Monday, March 14, 2022

3 Foo Hong 符大煥(31-73): Friends or Foe 孰敵孰友?

 


3

Friend or Foe ?
孰敵孰友?



Foo Hong 符大煥(31-73)


Sun-Hoo Foo 符傳孝 (32-74-109) 1-2

March 14 2022





In March 1942, a Chiang Mai friend, NiPuQing( 女不清) who shared dad’s room at night advised him to work for his uncle who managed two rubber plantations, 2000 acres total ( 3.25 square miles, >⅓ the size of Alpine, USA ), controlled by Japanese. His uncle had to manage the workers and inventory, so he needed a person to keep track of the transactions. Dad, a 20-year-old young man with some high school education and retail experience selling vegetables and chicken in the market, was an ideal candidate. The job paid 25 dollars a month, better than 15 dollars for the workers tapping the rubber trees. 

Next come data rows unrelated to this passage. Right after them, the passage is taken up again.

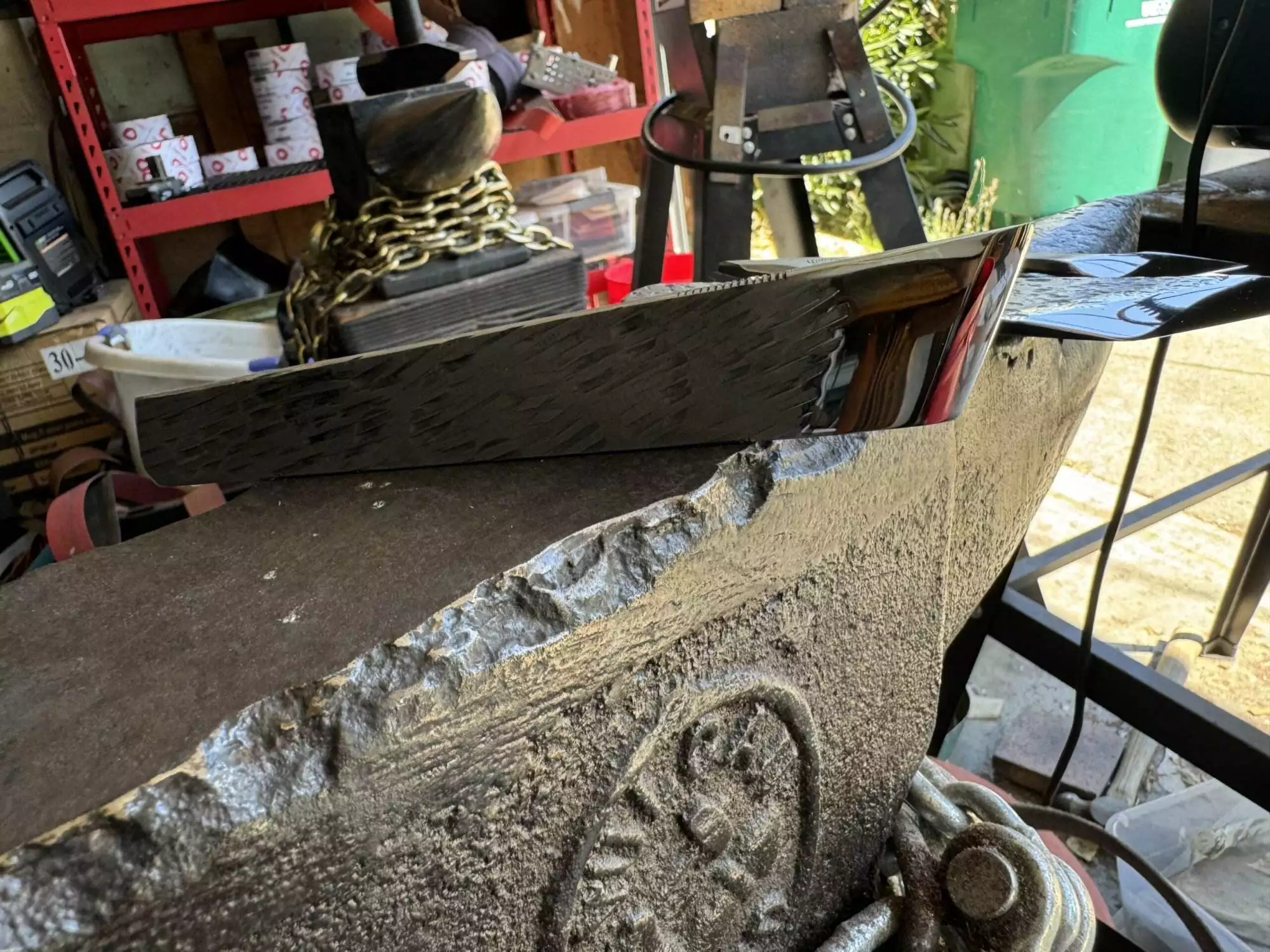 A polished metal blade from the Labor Deal - 7 Piece Special sits atop a heavily used anvil in a cluttered workshop, with chains and various tools visible in the background.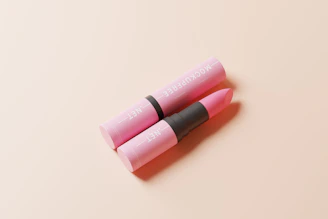 A close-up of a luxurious blush pink lipstick with a rose gold tube, resting on soft ivory fabric.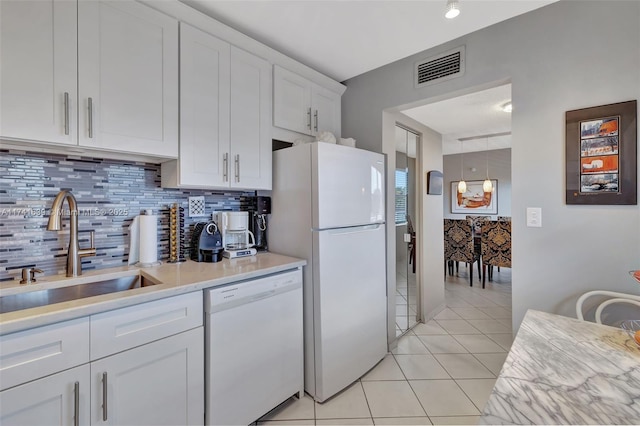 4000 NW 44th Ave Unit 405, Lauderdale Lakes, FL 33319 - kitchen with sink, light tile patterned floors, white appliances, decorative backsplash, and white cabinets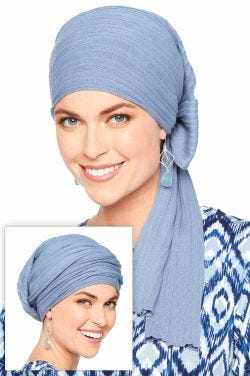 Woman in blue cotton head covering for women that wraps into different looks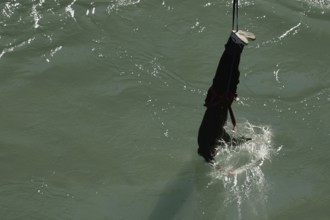 Single bungee jumper approaches the water of Kawarau Gorge, Queenstown, Otago, New Zealand
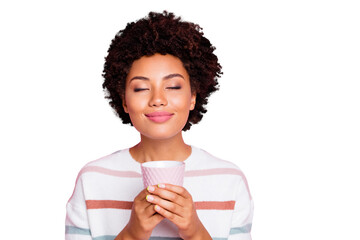 Photo of pretty dark skin lady holding in hands hot beverage cup dreamy closing eyes enjoy good...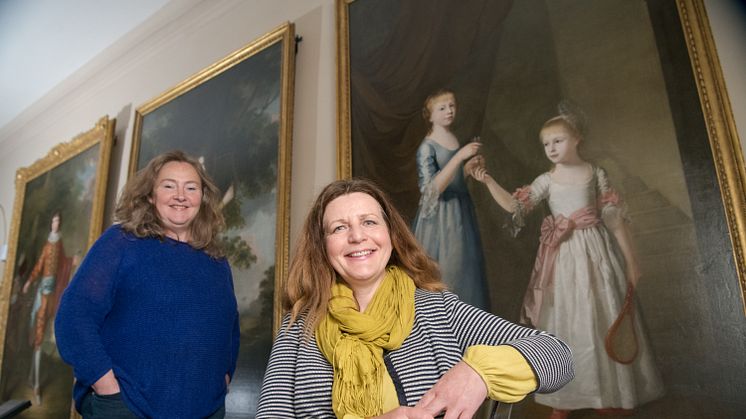 Emma Thomas, General Manager of Seaton Delaval Hall (left); and Nicky Grimaldi, Assistant Professor of Art Conservation at Northumbria University, pictured in front of the portrait of the Delaval sisters.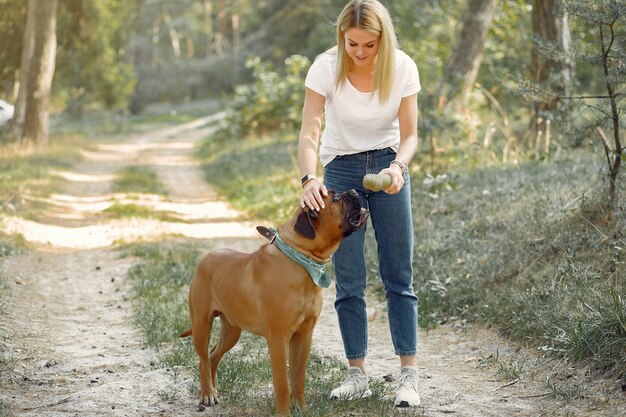 donna in un bosco estivo a giocare con il cane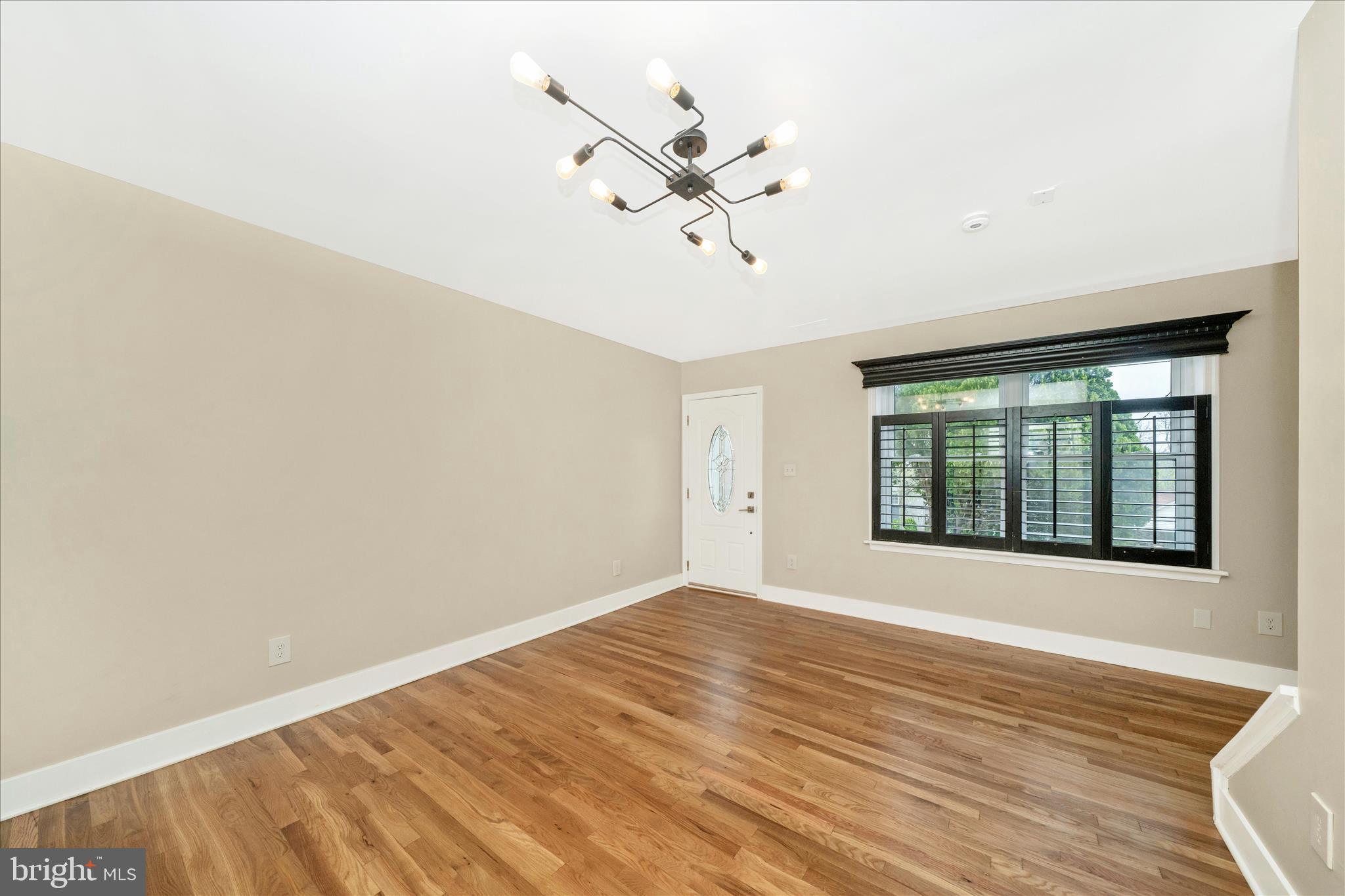 5045 Sheriff Road Northeast Washington, DC 20019 - Photo 4 of 38 an empty room with wooden floor fan and windows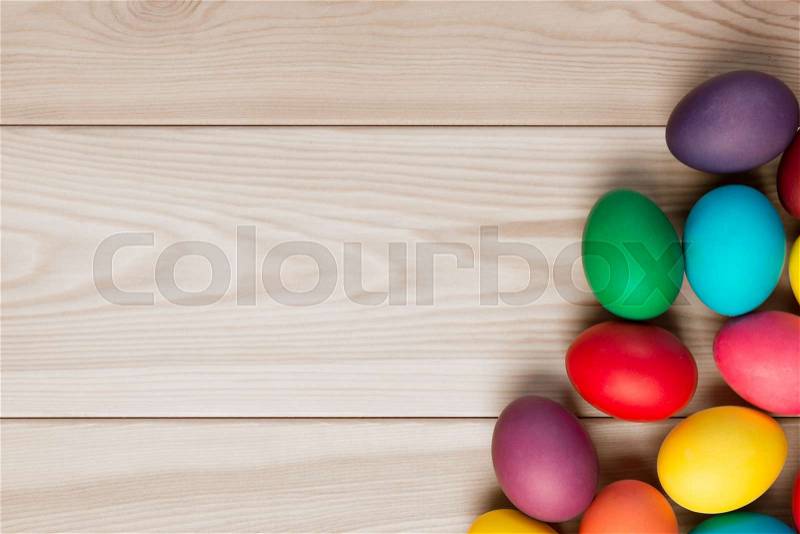 A wooden background for an inscription and a bunch of Easter eggs in the corner, stock photo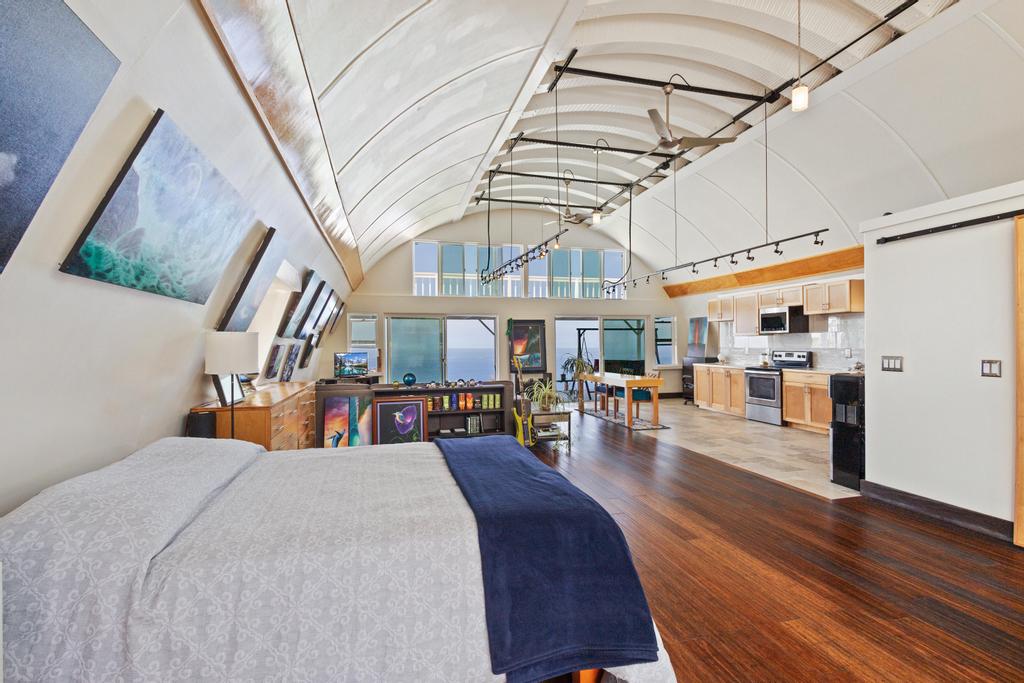 87-4521 Keahi Kai Place Captain Cook, HI 96704 - Photo 18 of 22 a view of a living room with furniture wooden floor and chandelier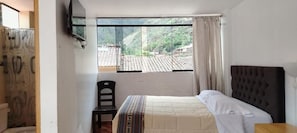 Un dormitorio con cama, una silla, ventana con vistas a un pueblo y televisor en la pared.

Although the rubber would be shipped to Japan‘s factories,  the work did not directly hurt the community or individuals and so he was not a "Japanese traitor” should he take the job. Working there would be safer than the chaotic outside world.


After 3-4 months, NiPuQing’s uncle was arrested, suspected of stealing the company’s sugar and selling it to local coffee shops. Dad went to the jail and brought him food every day for the next 10 days or so until he disappeared. Dad was quite upset about this “ life’s uncertainty”. Soon, he was offered the managing job. One day, a young man, whom he had met only once in a friend’s coffee shop before the Japanese invasion, came to his office. He placed a pistol on the table, told dad it was difficult in the north, and people were sick and needed help. Dad understood between the lines that they were an anti-Japanese army. He offered him $50 which was his salary for a month.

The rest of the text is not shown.